Story:
Richard (63) is an orthodontist who lives in Illinois. He has built his orthodontist practice to the point that he has multiple locations around Chicago. Richard has 5 locations and an average of 10 employees at each location. He has decided that it is time to retire and sell his practice. Richard and his financial planner have discussed selling the practice for a few years. They have estimated that selling the practice could take eight to ten months, and with the recent appraisal coming back at $4,200,000 for the practice, Richard is ready to start the process. Richard is aware that there will be a 20% federal capital gains tax, 5% state tax, and 4% net investment income tax. Richard’s financial planner has some positive news. There is a way for Richard to sell the business that allows him to defer the capital gains tax liability permanently.
Situation:
Richard decides to participate in a capital gains deferral strategy. He can sell his business and defer the $1,218,000 in capital gains taxes he would otherwise pay with a traditional business sale structure.
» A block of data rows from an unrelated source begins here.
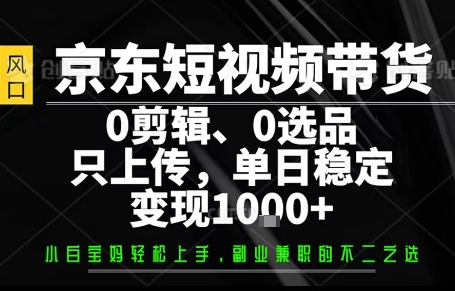 你出账号，我来运营，保底日入1k+，开启躺賺模式【揭秘】-财阁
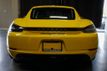 2019 Porsche 718 Cayman  - 23079261 - 18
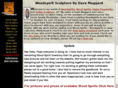 davemaggard.com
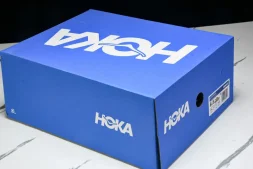 Hoka Hopara 1123112 SSDD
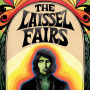 Laissez Fairs - 7-10.000 Tomorrows
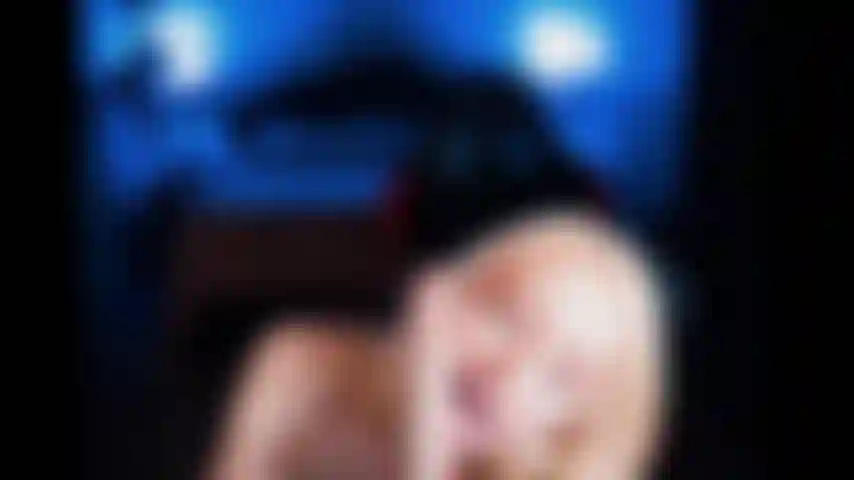 Bj, pussyplay und spritzende dildo-gesichtsbehandlung.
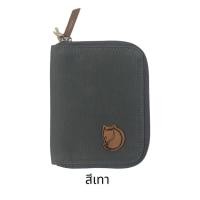 ราคา กระเป๋าสตางค์ FJALLRAVEN แบบสั้น (21230095619)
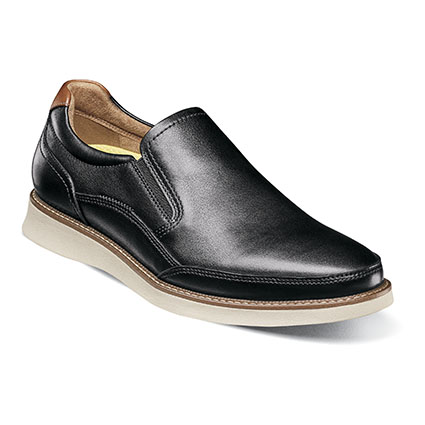 florsheim-14441-009
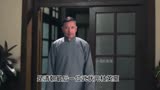 新猛龙过江聂龙帮助杜英豪救儿子！#陈国坤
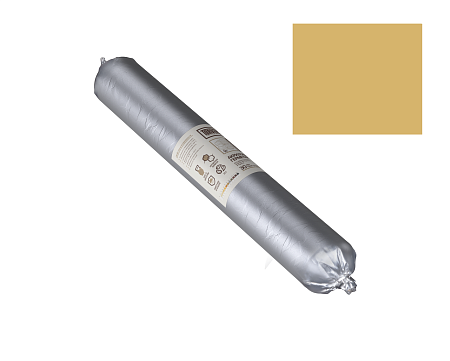 Torvens герметик для дерева Torvens герметик для дерева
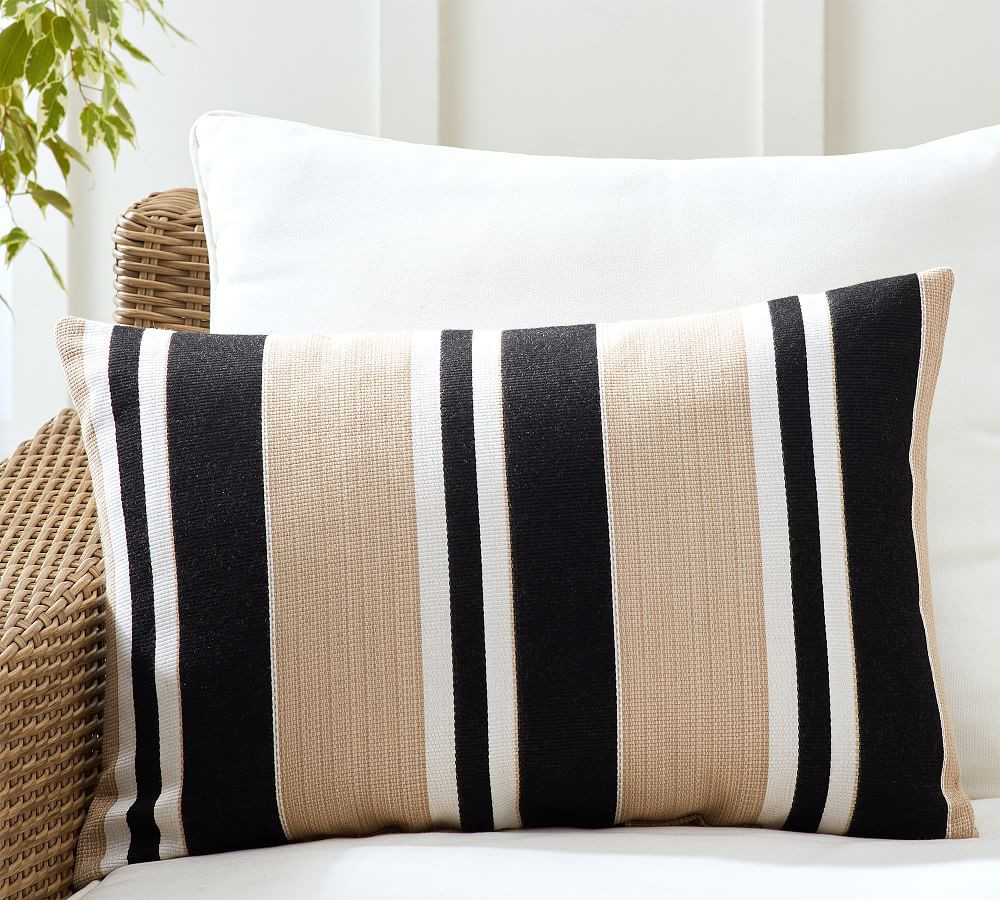 Pottery Barn | Pottery Barn (US)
Richard sells his orthodontics practice to an intermediary trust for $4,200,000. The trust gives Richard a promissory note for the $4,200,000. This promissory note outlines a structured payment plan that allows him to keep the sale’s principal in the trust.
Result:
The trust captures the total principal amount of the sale, and Richard has avoided a tax liability of $1,218,000. Richard knows that the trust will earn between 2% – 5%, and his distribution will be $84,000 – $210,000 annually. Between the distributions and the other investments Richard has made, he believes he can avoid taking a distribution from the trust’s principal for many years, if ever. If Richard never receives a distribution from the trust’s principal, he will not have to pay capital gains tax on the principal. However, if Richard eventually does need to have the principal distributed to him, he will only have to pay taxes on what is being distributed from the trust.